What you said about the blurred edges in the painting stopped me. You understood immediately and instinctively, exactly what those softened outlines were trying to hold, the memory of what was there, the hint of what could have been, the refusal to let the gap be simply empty. That is a more precise reading of the painting than I could have written myself. You felt it directly, without translation. That is everything I hope for when someone looks at this work.
And your observation about the shape of your missing piece, that it changes depending on your state of mind, is deeply perceptive. Sharp and spiky when you feel cheated. Smooth and gentle when you feel empathetic and grateful. That is not just a response to a blog post. That is a profound piece of self-knowledge. It also says something true about all missing pieces, I think that they are not fixed objects. They are living things. They shift with us as we move through time and feeling.

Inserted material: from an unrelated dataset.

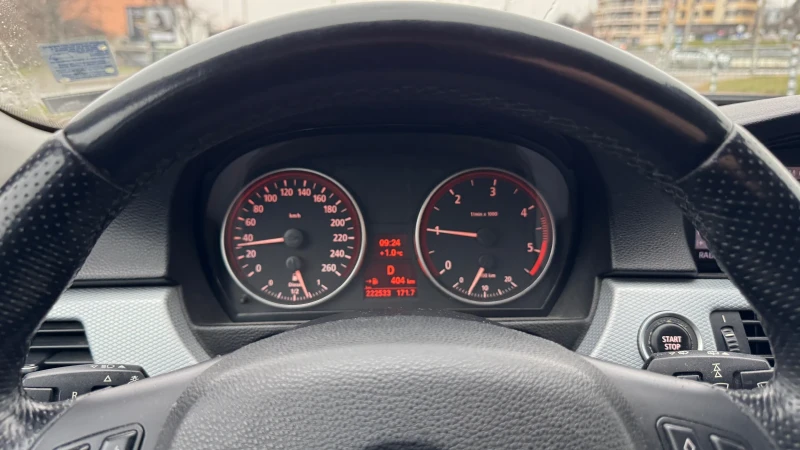 BMW 330 E91/ 3.0/ xDrive, снимка 13 - Автомобили и джипове - 53466289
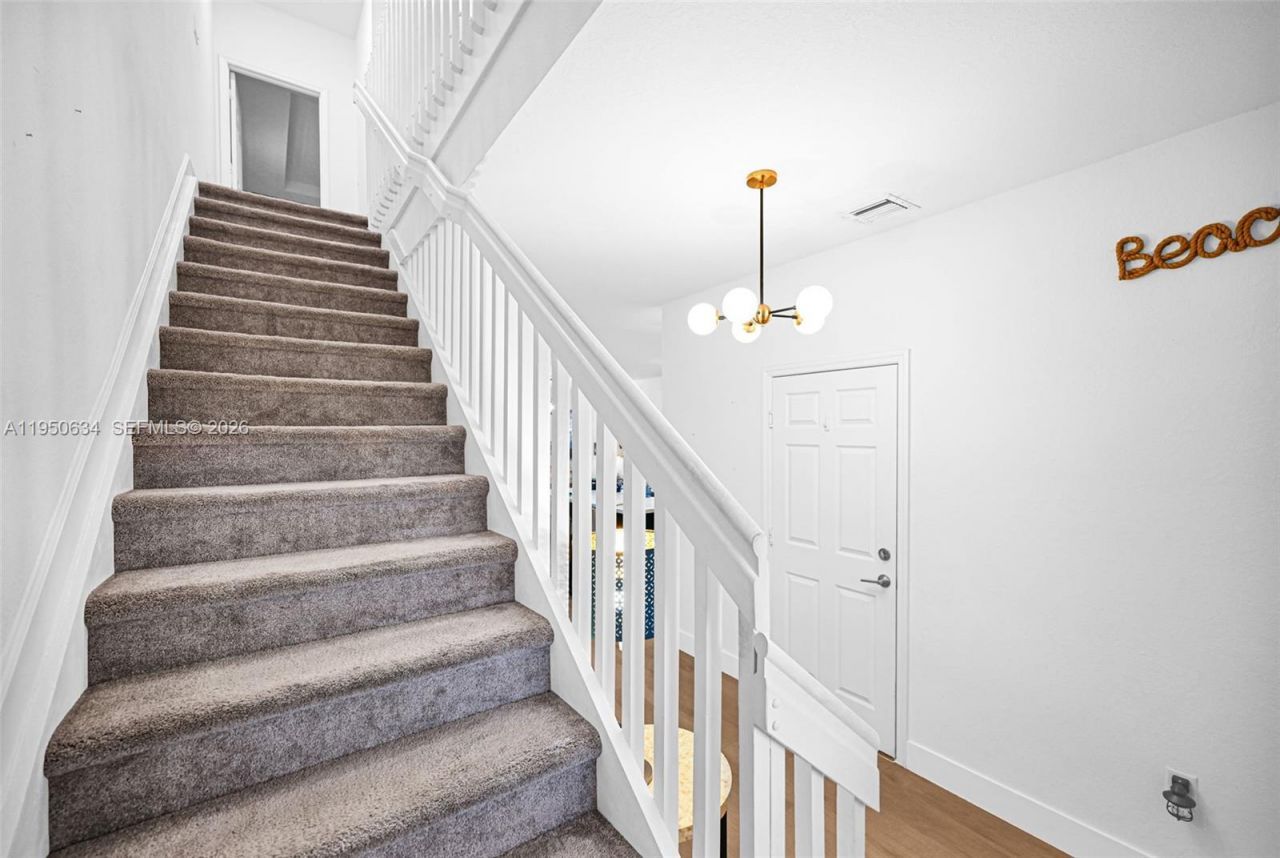 10966 W 35th Way , Hialeah, FL 33018 Photo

It still surprises me, if I am honest, how such a simple missing jigsaw piece can carry. This is a short post and yet the humble jigsaw puzzle, something most of us have sat with on a quiet afternoon, opens a door to some of the most profound experiences a person can have.
Loss. Hope. The end of possibility. The memory of what was and what might have been. It is one of the things I find most remarkable about the small, ordinary things in life that they are rarely as small or as ordinary as they appear. They are waiting, quietly and patiently, to be looked at a little more closely. And when we do look closely, we find that they have been holding some of our biggest questions all along. A jigsaw puzzle. A missing piece. An entire human life contained in the gap.
Thank you, Don, for reading so generously and so deeply. And thank you, most of all, for sharing your own missing piece here.